Di tutt’altra opinione è invece Jorge Gandini, successore di Amarilla attualmente alla guida della Camera dei Deputati, uno dei più duri al riguardo: “Sono contrario fiosoficamente e nel rispetto della nostra Costituzione. Ho una posizione estremamente negativa. Vota solo chi risiede nel paese, paga le tasse, riceve sevizi e si beneficia o soffre delle conseguenze dei governi scelti”. Famiglia originaria del Piemonte, Gandini è una delle voci più critiche contro il sistema di voto italiano e in particolare contro il voto per
corrispondenza. Lo ha denunciato più volte e lo ripete anche adesso: “A casa non abbiamo mai votato anche se riceviamo sempre i plichi elettorali. Più di una volta è capitato che qualcuno ci chiedesse le nostre buste ma d’altronde non si può controllare. La realtà è che nel sistema epistolare, come dimostra il caso italiano, manca la sicurezza e la trasparenza necessaria per un voto”. Il presidente della Camera parla anche di un altro aspetto negativo, quasi mai menzionato, che provocherebbe il voto estero: “Non mi piacciono le campagne internazionali perché generano un’intromissione dei partiti politici locali nelle elezioni di un altro paese. Ho visto fare queste cose a tutti, è successo anche con il mio partito e per me è inaccettabile”.
Un’altra voce all’interno dei “blancos” è quella del senatore Guillermo Besozzi con lontane origini lombarde. “Ci sono notevoli differenze tra il progetto del Frente Amplio e il sistema italiano che prevede le circoscrizioni estere. Io in genere voto alle elezioni italiane anche se è un compito abbastanza difficile dato che bisogna leggere e informarsi bene prima. Qui invece si vogliono fare la cose forzate”. Secondo Besozzi la particolarità dell’Uruguay è la sua Costituzione che non prevede questa possibilità. In ogni caso “è una questione molto
delicata ed è necessario un profondo dibattito”.
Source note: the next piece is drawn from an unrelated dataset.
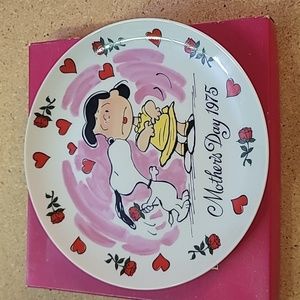 Vintag Peanuts Mother’s Day Plate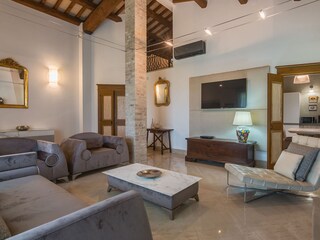 Villa Margot - Living room with sofas and TV area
Anche Conrado Rodríguez, deputato del Partido Colorado, ha una posizione totalmente contraria come Gandini. “La nostra Costituzione è chiarissima e prevede il diritto di voto solo per chi risiede nel territorio nazionale. Sono favorevole alla proposta dell’ex presidente Sanguinetti di riunire tutta l’opposizione per un referendum”. Rodríguez è figlio di un emigrata della Basilicata ma dice di non aver mai partecipato alle elezioni: “Non voto per rispetto e per coerenza. Non conosco bene la situazione e non vivo nel paese. Non sarebbe etico. Si vota solo nel luogo in cui si pagano le tasse. Un altro aspetto molto dubbioso è il voto consolare di cui si parla. Come fanno coloro che vivono lontani dalle sedi consolari?”. Anziché concedere il voto, il deputato “colorado” vede possibili altri diritti da assicurare agli uruguaiani all’estero come “benefici fiscali e agevolazioni” per chi decide di tornare.
L’ultima opinione raccolta all’interno dell’opposizione è quella di Ivan Posada del Partido Independiente dalle lontane origini piemontesi. Sulla stessa linea di Amarilla, Posada è favorevole al voto estero ma si oppone alla forma con cui lo sta pianificando il Frente Amplio perché “fa dire alla Costituzione qualcosa che non dice”. In passato, il deputato indipendente era stato tra i promotori di un progetto di legge che prevedeva l’elezione di due rappresentati esteri all’interno del Parlamento ma non trovò approvazione. Oggi continua a sostenere quella tesi che “si ispira molto al principio italiano seppur” -precisa- “sostiene il voto consolare anziché quello epistolare che non ha garanzie. È necessaria una riforma della Costituzione e una larga maggioranza ma, così facendo, il Frente Amplio è partito male perché vuole imporre una sua visione”.